僕が拘置所から出て、スロットで金を使い果たして、生活保護の申請をしたとき、たまたま役所でもこの不動産屋さんに会った。腐れ縁というやつか。そのおかげで、今のまぁまぁ快適に暮らせる家に入ることもできている。まぁ、申請に行った日にたまたま出会ってなかったとしても、おそらく僕はこの人のことを頼っていたと思う。だって他に頼れる人なんてそのときいないし、何より僕の素性を知っているし。逮捕されたことも、母親から聞いていたらしく知っていたし。
この人は、僕がお世話になっている女性とも繋がりがある。まぁ、会に相談に来るような人の多くはその辺の不動産屋で家を借りられない人がほとんど。僕みたいに。そういう人の家探しをこの不動産屋さんに頼むというわけ。この世界は広いようで狭いなって実感する。
話が長くなってしまった。こんな僕のことを、なぜかこれまで助けてくれているし、まだ僅かばかり期待もしてくれている?僕が大学院修了ということで、スロットさえやめれたらな、と。まぁ、もう10年くらいその期待は裏切り続けてるけど。

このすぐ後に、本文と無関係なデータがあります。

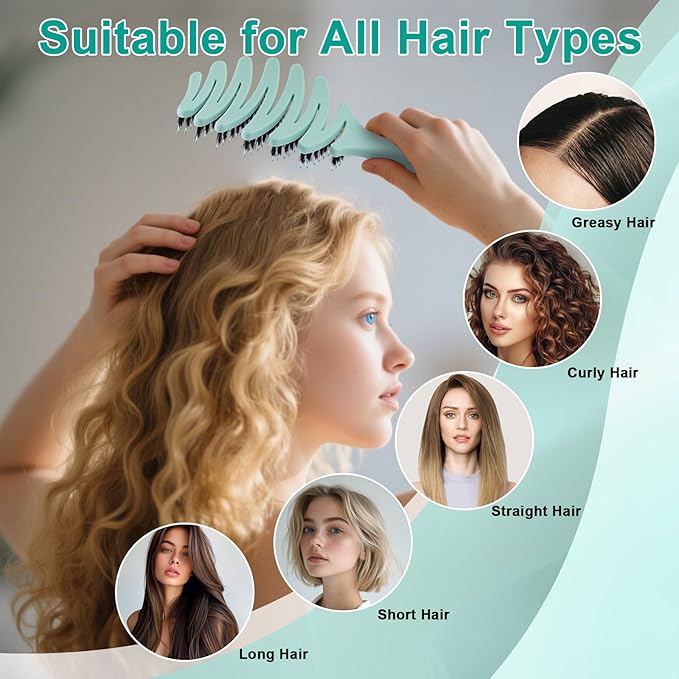 Boar and Nylon Bristle Hair Brush for Fine Hair - Ultimate Smoothing Vented Detangler Wet Brush for Women, A Great Gift, Aqua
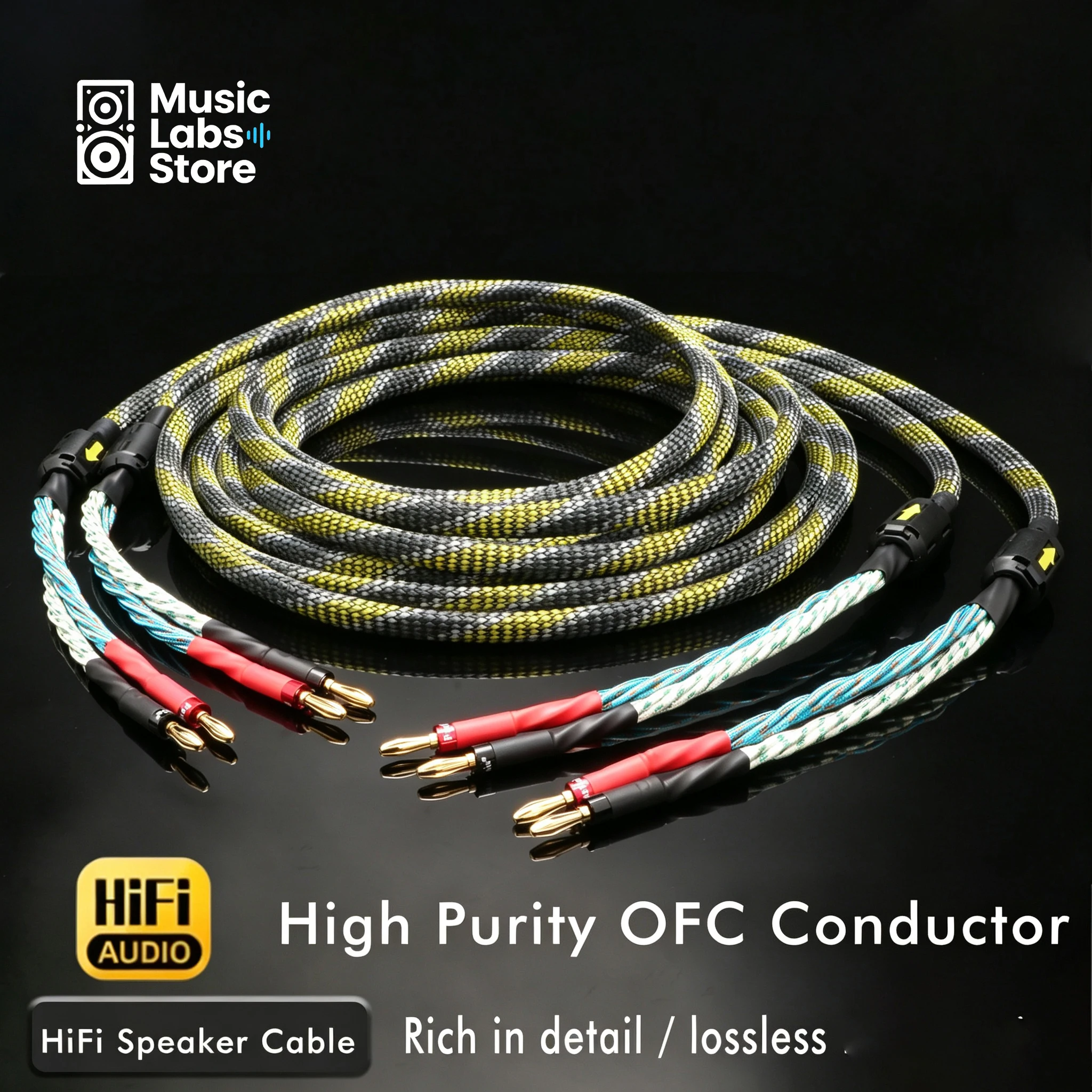 Pair Flat Speaker Cable Horn BFA Banana Y Plugs Cable 7n OCC Speaker Cable for Speaker Amplifier High Fidelity Sound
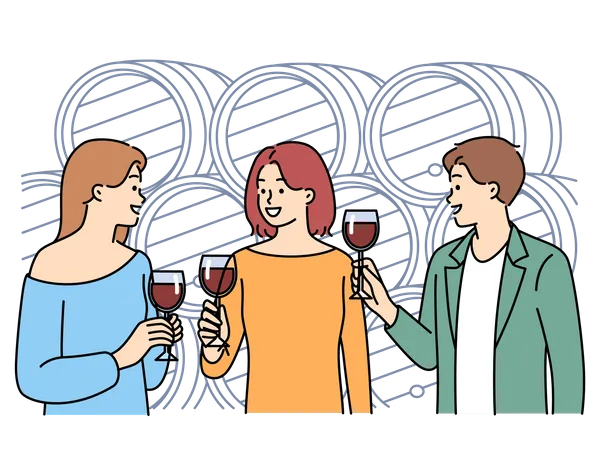 People tasting wine at wine factory  Illustration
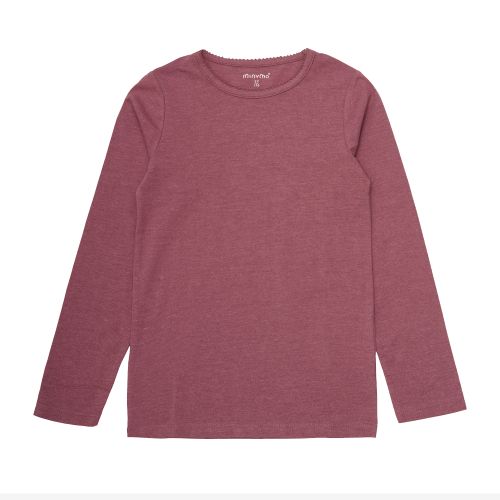 Mørk rosa langærmet t-shirt fra Minymo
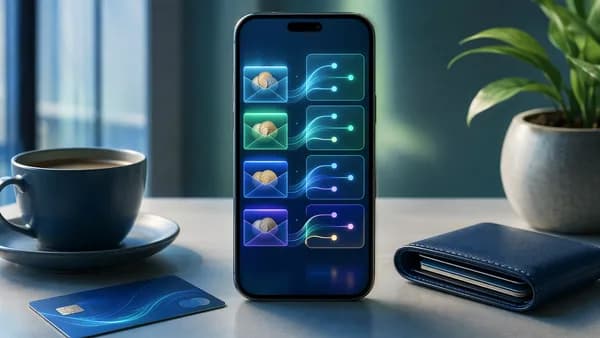 Smartphone with abstract envelope and zero-based budgeting visuals on a modern fintech desk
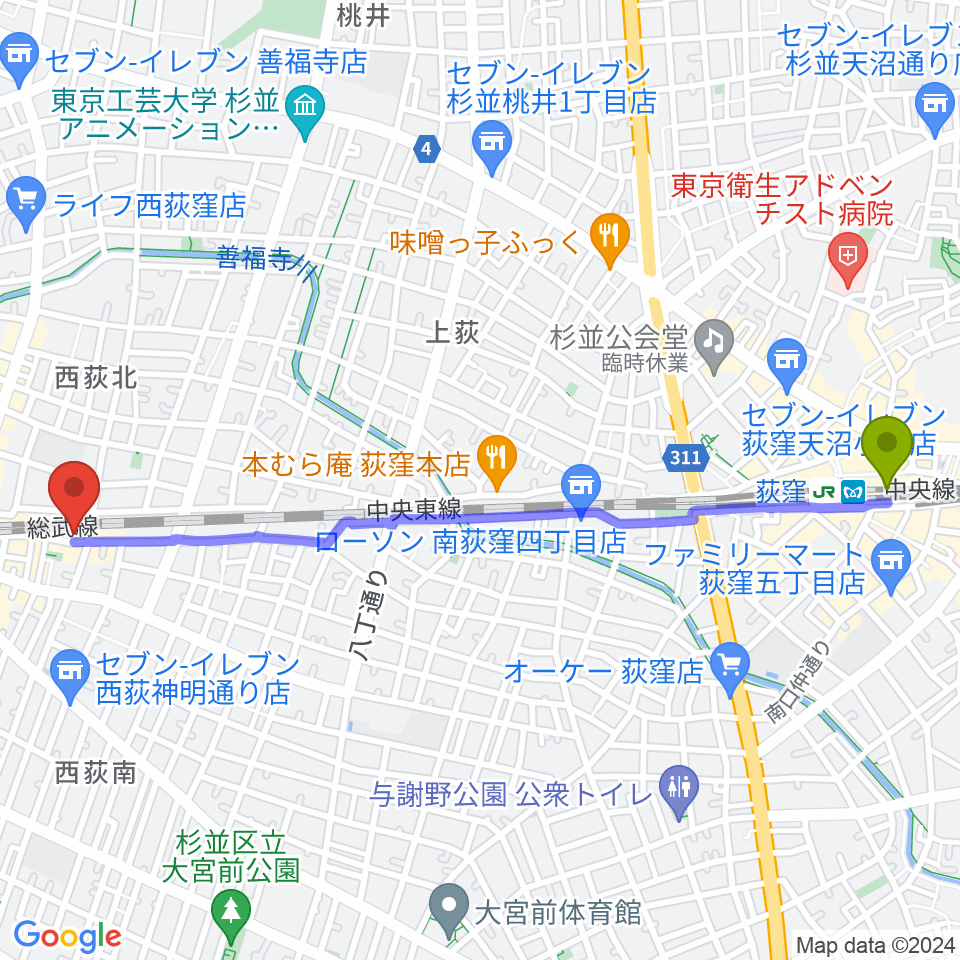 荻窪駅からRinky Dink Studio 西荻へのルートマップ地図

あと、この人も、スロット依存。本人いわく若い頃はプロで、不動産屋の開業資金もスロットで貯めたとのこと。真意は不明だが、とにかく毎日スロットに行っている。だから、僕に対しても、スロットへ行くなと説教するのではなく、勝つ立ち回りをしろ、と説教してくる。あぁ、これももう10年くらい言われ続けてるけど。
でも本当、僕がお金なくなって頼んだら、アルバイトをさせてくれて、助けられている。甘えちゃいけないんだけど。事務所の片付けや、入居者が逃げたり、死んだりした部屋の片付けだったりと、お金があれば決してやりたいアルバイトではないけれど。まぁ、生活保護の人を入居させるということは、それなりのリスクがあるんだって実感する。
で、今日、アルバイトにありつけて事務所に行ったら、孤独死した入居者の部屋を片付ける、と告げられたのだった。逃げた人間の部屋の片付けはしたことあったけど、死んだ部屋は初めてだった。